Does anyone else think this? The new models are much less creative, and the variety of outputs that I can produce is so much smaller. Yes, they follow instructions, but the outputs are short and repetitive. What is the point of using GPT-3 to tell me something I could find on Wikipedia? What is the point of using it for summarization, something that I could easily do with a smaller model? OpenAI is moving in the wrong direction with this. I understand you are trying to respond to the way users are leveraging the playground, but you are just giving them a “faster horse” at the price of limiting the true capabilities of the model.
I find that it depends on the prompt. If one gives it 2000 magical tokens, twice the magic back ye shall receive
Tokens are in fourths. Divide by 4. I understand what you mean by boring though.
Its definitely prompt-specific, but if I’m going to long form prompts, I will still say that the original Davincis are going to give me better, more creative results. I can’t just give them one sentence zero shot commands, but I also can just coax a far vaster variety of reactions from them.
Thanks @amandamariemoore714 for the advice…good to remember that its generating token-wise, not word-wise.
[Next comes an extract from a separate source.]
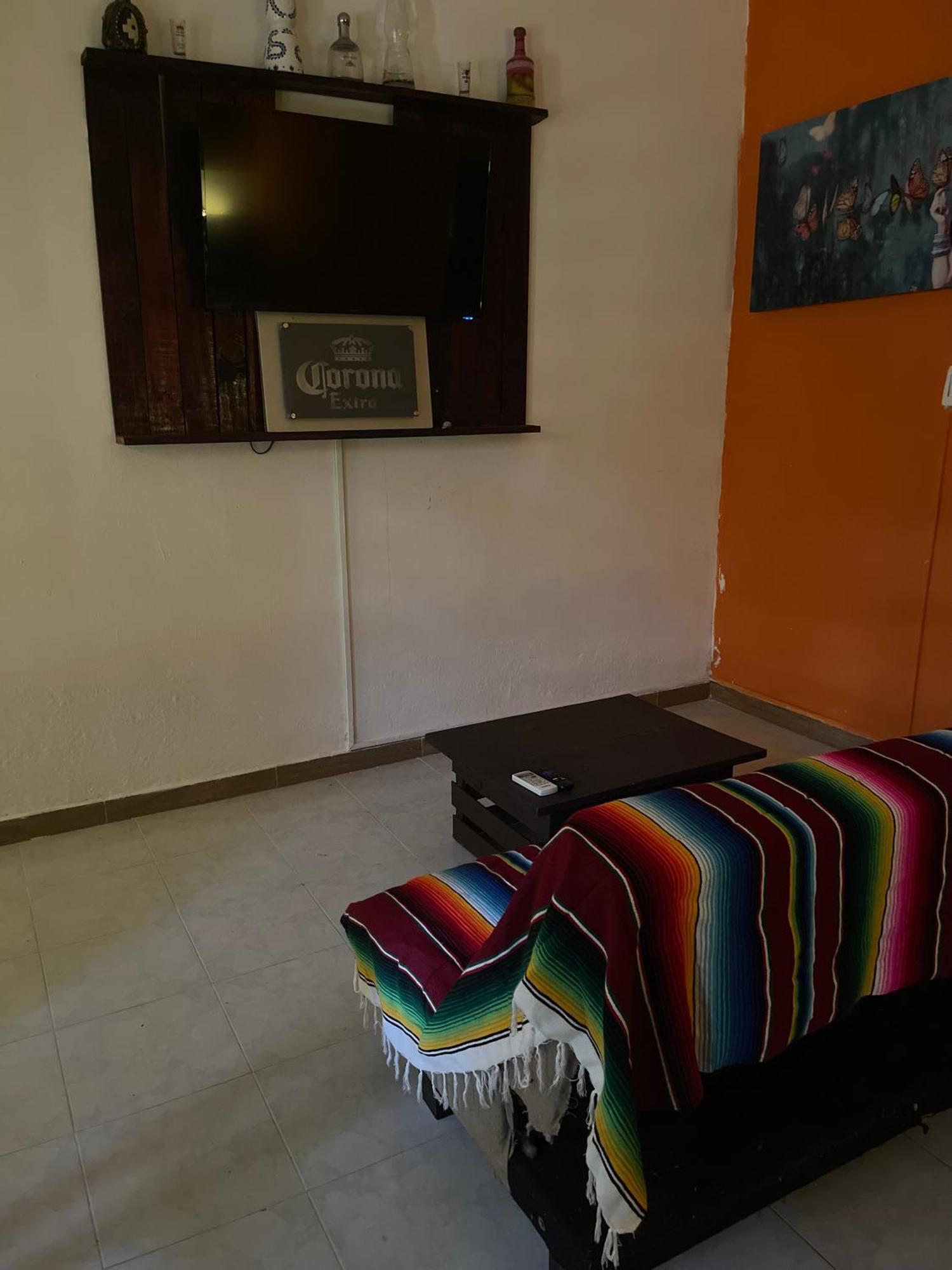 Apartament Casa Mar Playa del Carmen Zewnętrze zdjęcie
I still use davinci-instruct-beta for a lot of things. It’s the most creative, I think, better than davinci, but without as much fine control as basic davinci.
text-davinci has its niche, but I think it works best for “lazier” prompts. The older versions need a lot more work to have good output. The new ones are basically cheaper and more consistent. I have a poetry generator that runs on text-davinci-002 and it’s surprisingly accurate.
I do think it’s the wrong direction, but it’s fine as long as they keep the older versions too.
I hadn’t tried it tons/much but I felt it too, much less impressive than the original GPT-3.
Agreed, for creative writing, one of the best features of the original davinci model is the ability to press the regenerate button and get a completely different completion.
The new models output the same thing almost every time, which makes them useful only in marginal situations for creative writing.
My experience is that it became more neutral, more objective and less controversial. For example, when I ask it for phone recommendation, it tells me “there’s no one answer to which the phone is the best” instead of actually recommending something. I can change the prompt and I will get what I want, but I also preferred if the model was more subjective. The neutral and objective answers are often useless.